At its core, Android app resumption combines three components:

  • Device linkage: Your Android phone pairs with Windows 11 via the Link to Windows app (the phone-side counterpart to Phone Link). This establishes an encrypted, background channel for notifications and signals.
  • Context signal: When you perform a supported action on your phone—like starting a Spotify track—the phone sends a small package of context, essentially a deep link, to your linked PC.
  • Activation on Windows: Windows receives the signal, displays the “Resume from your phone” alert, and launches the appropriate desktop application at the correct state. If the app isn’t present, the system initiates a streamlined Store installation.
Crucially, there is no Android runtime involved. The PC isn’t mirroring your phone screen or running an emulator. It’s simply opening a Windows app (or a web page) at the right place, much like Apple’s Handoff. Continuity is app-specific: developers must implement support for the resume protocol. For now, Spotify is the sole example, but the underlying plumbing is generic.

Prerequisites: What You Need to Test the Feature

As of late August 2025, you’ll need:

  • Windows 11 Insider Preview (Dev or Beta Channel) on a recent Build 26200 series. Turn on “Get the latest updates as soon as they’re available” in Windows Update.
  • An Android phone running the Link to Windows app (most modern devices are compatible). Samsung and Surface Duo users historically had early access, but this feature is not OEM-locked.
  • Phone Link pairing completed, with background activity allowed on the phone so the resume signal isn’t delayed.
  • Matching accounts: For Spotify, you must be signed into the same account on both devices.
  • The Windows app installed—or allow Windows to install it for you on the fly.

Step-by-Step: Enabling and Using Resume from Phone

  1. Pair your phone and PC: On your PC, go to Settings > Bluetooth & devices > Mobile devices, enable “Allow this PC to access your mobile devices,” and follow the flow. On your phone, open Link to Windows and complete pairing, granting the necessary permissions.
  2. Check notifications: Ensure Windows notifications are enabled and Focus Assist isn’t suppressing them. On Android, give Link to Windows notification access and disable aggressive battery optimization.
  3. Try it with Spotify: Start playing a track on your phone. Within seconds, a taskbar alert should show the song title and a “Resume” prompt. Click it to continue on your PC. If Spotify isn’t installed, you’ll see a prompt to install it from the Store.
  4. Manage preferences: You can disable the prompts entirely by unlinking your phone (Settings > Bluetooth & devices > Mobile devices) or muting the specific notification.

Rollout Status and the Road Ahead

The feature is rolling out gradually to Insiders. Not everyone on an eligible build will see it immediately; Microsoft is expanding availability based on telemetry and feedback. Spotify is the launch partner, but the company has provided developer documentation so other apps—browsers, note-taking tools, task managers—can add support. No general availability date has been announced, but expect a broader rollout as the feature stabilizes.

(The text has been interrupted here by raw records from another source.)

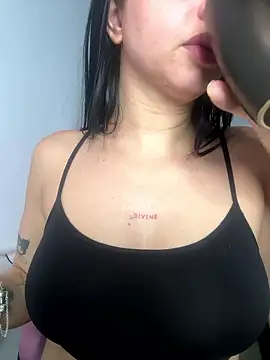 lucy grey25 online show from 01/18/26, 03:37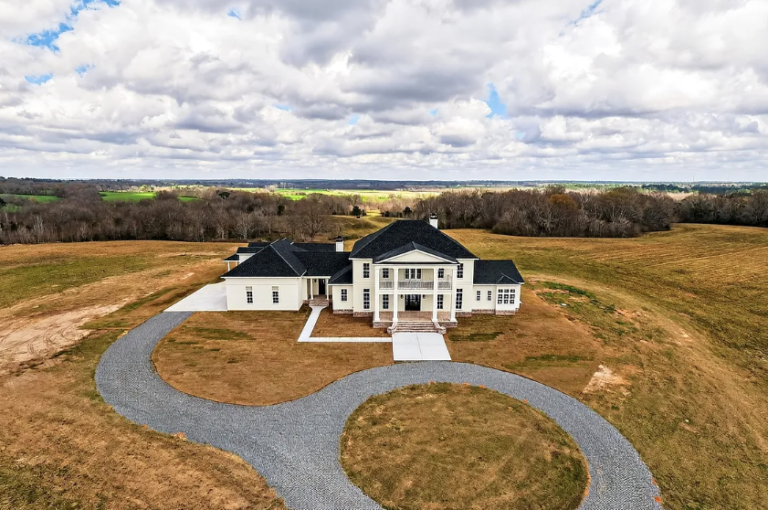 Charming Countryside Estate in the Heart of Carriere, Mississippi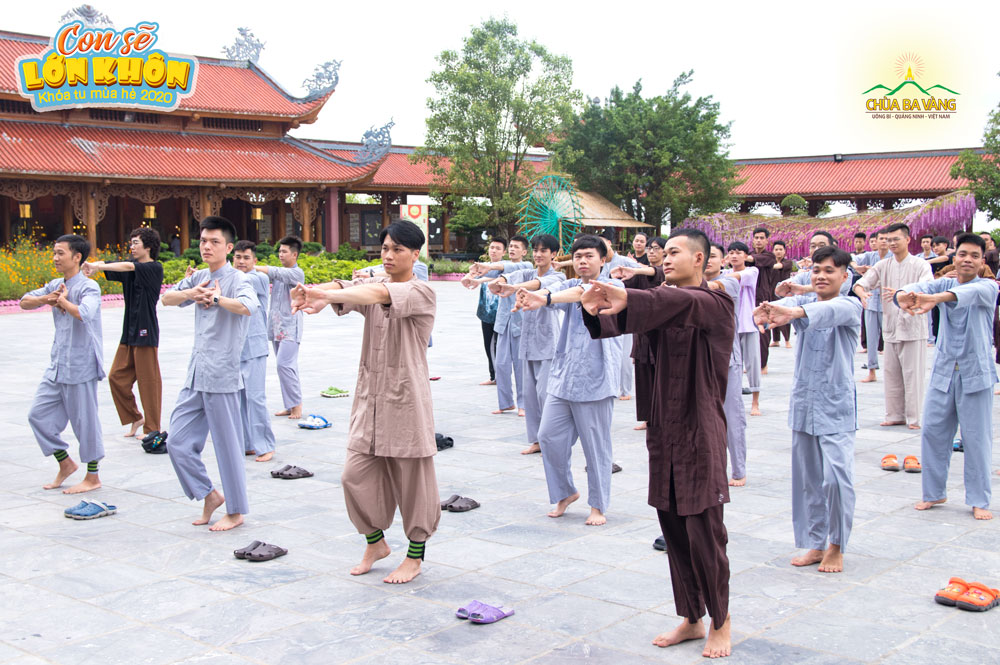 Bạn Tạ Văn Phúc (Đầu tiên bên trái) trong thời khóa tập thể dục buổi sáng tại chùa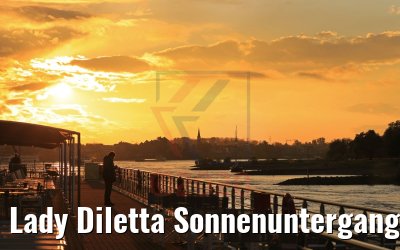 Lady Diletta Sonnenuntergang bei Düsseldorf 23.10.2020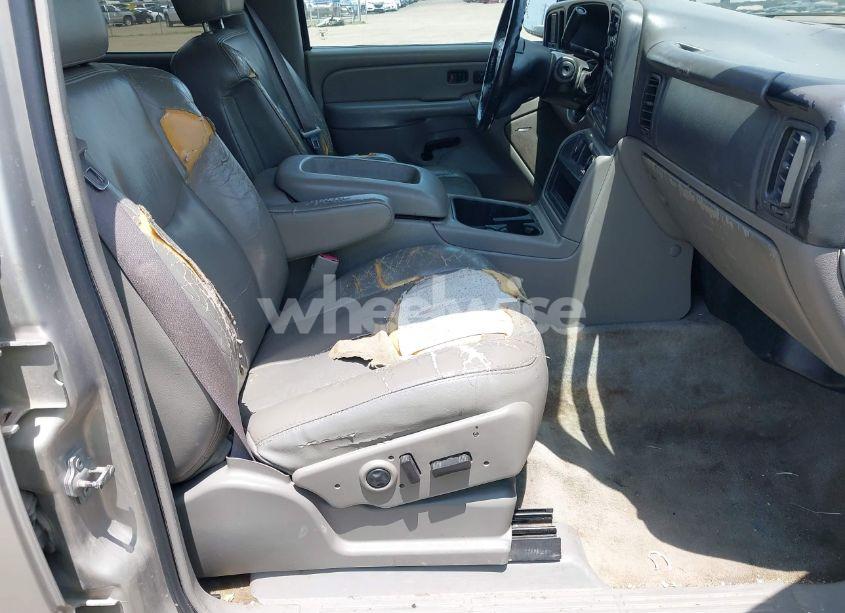 Photo 5 of 2005 Chevrolet Suburban 1500 LT (VIN 3GNEC16ZX5G140284)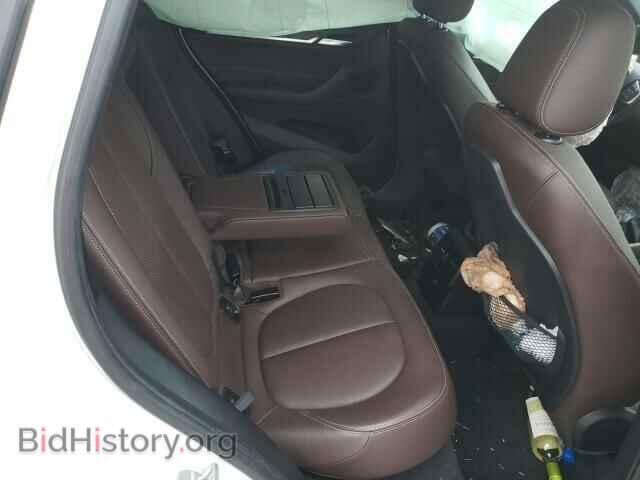 2017 BMW X1 - VIN: WBXHT3C30H5F69971 - Фото 6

How This Differs from WSA and Amazon Appstore

The retired Windows Subsystem for Android (WSA) and Amazon Appstore on Windows allowed you to run Android apps natively in a sandbox. Consumer support ended in March 2025. Android app resumption is a fundamentally different strategy:

  • No Android code on your PC: The PC launches a native Windows application, not an Android binary. This avoids the overhead and compatibility headaches of an Android runtime.
  • Complementary, not replacement: For apps that already have robust Windows desktop clients or web experiences, continuity is more seamless than emulation. You get full integration with system media controls, audio devices, and windowing.
  • Lower developer friction: Instead of building and maintaining an Android-on-Windows variant, developers simply expose stateful handoff via deep links, and Windows handles the orchestration.

Real-World Scenarios: Where This Shines

  • The commuter: You’re halfway through a podcast on your phone; at your desk, one click brings it to your PC speakers.
  • The multi-tasker: A colleague sends you a Spotify link on your phone. Back at the keyboard, the resume prompt lets you open it instantly in the desktop app.